Nutzen Sie kinderfreie Phasen für schöne Unternehmungen zu zweit, etwa für Ausflüge oder romantische Dinner. Das stärkt die Liebe in der schwierigen Anfangsphase.


Cool kontern

Irgendwann fällt er womöglich, der Satz: „Du hast mir nichts zu sagen, du bist nicht meine Mutter!" Die einzig sinnvolle Antwort: „Stimmt, aber bei mir gibt es auch bestimmte Regeln."


Don`ts:
Die Beziehung geheim halten

Kinder spüren schnell, wenn etwas im Busch ist. Wer sie erst nach Monaten in die neue Liebe einweiht, riskiert, dass sie sich hintergangen fühlen.


Liebe erkaufen

Statt auf Geschenke und Verwöhntaktik lieber auf ehrliches Interesse setzen. Das wird viel eher honoriert.
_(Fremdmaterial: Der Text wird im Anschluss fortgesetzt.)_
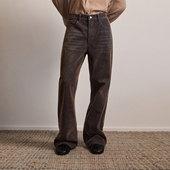 SouthStudio牛仔裤 25秋冬上新植绒面料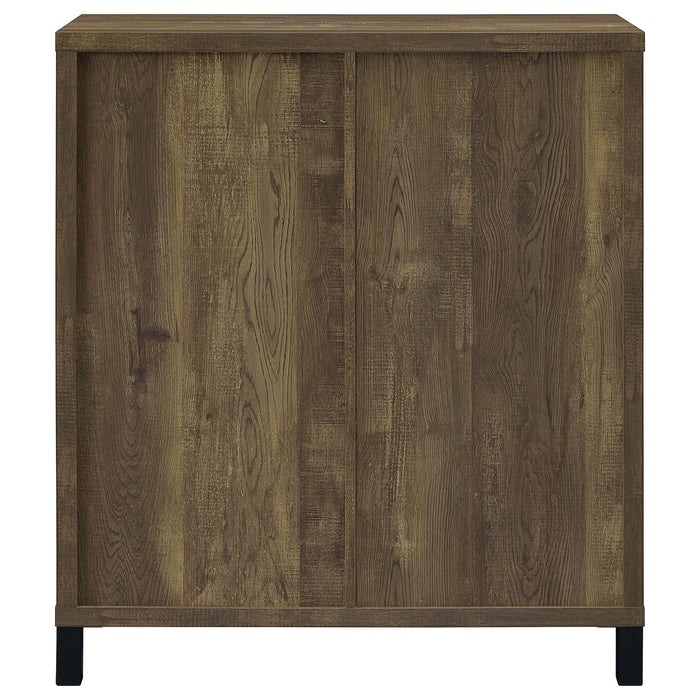 Arlington Bar Cabinet with Sliding Door Rustic Oak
Mit der fiesen Ex verhandeln

So sehr Sie auch genervt sind: Es ist die Vergangenheit Ihres Partners, er sollte für Frieden sorgen. Absolut tabu: vor den Kindern schlecht über die Mutter zu reden.


Sich unter Druck setzen

Bloß kein schlechtes Gewissen, wenn Sie mal genervt sind. Niemand erwartet, dass Sie den Nachwuchs Ihres Partners so lieben, als sei es Ihr eigener.